Die Verbraucherzentrale Brandenburg hält ein solches Vorgehen für unzulässig und klagte. Das LG Berlin gab ihr Recht. Entsprechende Einschränkungen des Widerrufsrechts sehe das Gesetz nicht vor. So dürfe der Kunde die Ware vergleichbar wie im Ladengeschäft testen. Voraussetzung sei, dass er dabei sorgsam vorgehe und die Ware nicht beschädige oder verschmutze.
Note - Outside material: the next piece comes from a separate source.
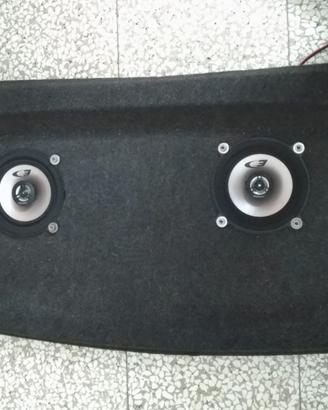 Cappelliera Fiat Punto 2000 3 porte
Habe der Kunde, wie auf einer Kaffeefahrt, gar keine Möglichkeit, verschiedene Angebote zu prüfen und miteinander zu vergleichen, sei auch eine längere Testphase durchaus zulässig.

Zwar gebe es Verträge über Waren, die laut Gesetz aus Gründen des Gesundheitsschutzes oder der Hygiene nach dem Entfernen der Versiegelung nicht mehr widerrufen werden können, so das LG Berlin. Dazu könnten Kosmetika, Windeln und bestimmte medizinische Produkte gehören. Matratzen zählten aber eher nicht zu dieser Warengruppe. Außerdem hätte keine Versiegelung in Sinne des Gesetzes vorgelegen. Eine bloße Verpackung stelle keine Versiegelung dar. Denn eine solche müsse eindeutig als Versiegelung erkennbar sein. Zudem müsse der Händler, wenn ein Kunde bei bestimmten Produkten nach Siegelbruch sein Widerrufsrecht verliert, dazu deutlich informieren, sagte Sabine Fischer-Volk, Juristin bei der Verbraucherzentrale Brandenburg.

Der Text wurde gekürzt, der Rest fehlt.